Kılıç Sefa, Erill Ivan
Department of Biological Sciences, University of Maryland Baltimore County (UMBC), Baltimore, MD, 21250, USA.
BMC Bioinformatics. 2016 Aug 31;17 Suppl 8(Suppl 8):277. doi: 10.1186/s12859-016-1113-7.
Comparative genomics can leverage the vast amount of available genomic sequences to reconstruct and analyze transcriptional regulatory networks in Bacteria, but the efficacy of this approach hinges on the ability to transfer regulatory network information from reference species to the genomes under analysis. Several methods have been proposed to transfer regulatory information between bacterial species, but the paucity and distributed nature of experimental information on bacterial transcriptional networks have prevented their systematic evaluation.
We report the compilation of a large catalog of transcription factor-binding sites across Bacteria and its use to systematically benchmark proposed transfer methods across pairs of bacterial species. We evaluate motif- and accuracy-based metrics to assess the results of regulatory network transfer and we identify the precision-recall area-under-the-curve as the best metric for this purpose due to the large class-imbalanced nature of the problem. Methods assuming conservation of the transcription factor-binding motif (motif-based) are shown to substantially outperform those assuming conservation of regulon composition (network-based), even though their efficiency can decrease sharply with increasing phylogenetic distance. Variations of the basic motif-based transfer method do not yield significant improvements in transfer accuracy. Our results indicate that detection of a large enough number of regulated orthologs is critical for network-based transfer methods, but that relaxing orthology requirements does not improve results. Using the transcriptional regulators LexA and Fur as case examples, we also show how DNA-binding domain sequence similarity can yield confounding results as an indicator of transfer efficiency for motif-based methods.
Counter to standard practice, our evaluation of metrics to assess the efficiency of methods for regulatory network information transfer reveals that the area under precision-recall (PR) curves is a more precise and informative metric than that of receiver-operating-characteristic (ROC) curves, confirming similar findings in other class-imbalanced settings. Our systematic assessment of transfer methods reveals that simple approaches to both motif- and network-based transfer of regulatory information provide equal or better results than more elaborate methods.
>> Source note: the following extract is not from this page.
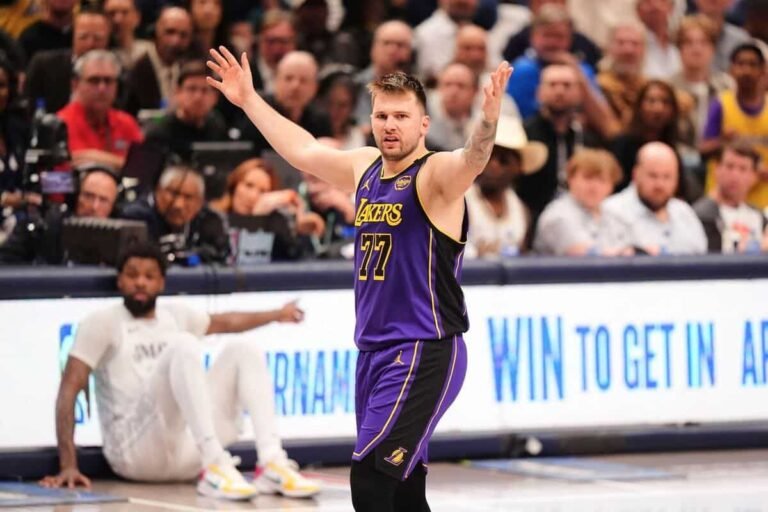 Doncic makes more history with 40-point triple-double in Lakers win over Jazz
We also show that there are not effective predictors of transfer efficacy, substantiating the long-standing practice of manual curation in comparative genomics analyses.
比较基因组学可以利用大量现有的基因组序列来重建和分析细菌中的转录调控网络,但这种方法的有效性取决于将调控网络信息从参考物种转移到被分析基因组的能力。已经提出了几种在细菌物种之间转移调控信息的方法,但关于细菌转录网络的实验信息匮乏且分布分散,阻碍了对它们的系统评估。
我们报告了一个涵盖细菌转录因子结合位点的大型目录的汇编,并利用它对成对细菌物种间提出的转移方法进行系统的基准测试。我们评估基于基序和准确性的指标来评估调控网络转移的结果,并且由于该问题存在大量类不平衡的性质,我们确定精确召回率曲线下面积是用于此目的的最佳指标。结果表明,尽管基于转录因子结合基序保守性的方法(基于基序的方法)的效率会随着系统发育距离的增加而急剧下降,但它们的表现明显优于基于操纵子组成保守性的方法(基于网络的方法)。基于基序的基本转移方法的变体在转移准确性方面没有显著提高。我们的结果表明,检测到足够数量的受调控直系同源物对于基于网络的转移方法至关重要,但放宽直系同源性要求并不会改善结果。以转录调节因子LexA和Fur为例,我们还展示了DNA结合结构域序列相似性作为基于基序方法转移效率的指标可能会产生混淆结果。
与标准做法相反,我们对评估调控网络信息转移方法效率的指标进行的评估表明,精确召回率(PR)曲线下面积是比接受者操作特征(ROC)曲线更精确且更具信息量的指标,这证实了在其他类不平衡情况下的类似发现。我们对转移方法的系统评估表明,简单的基于基序和基于网络的调控信息转移方法比更复杂的方法能提供相同或更好的结果。我们还表明,不存在有效的转移效果预测指标,这证实了比较基因组学分析中长期以来的手动编辑做法合理性。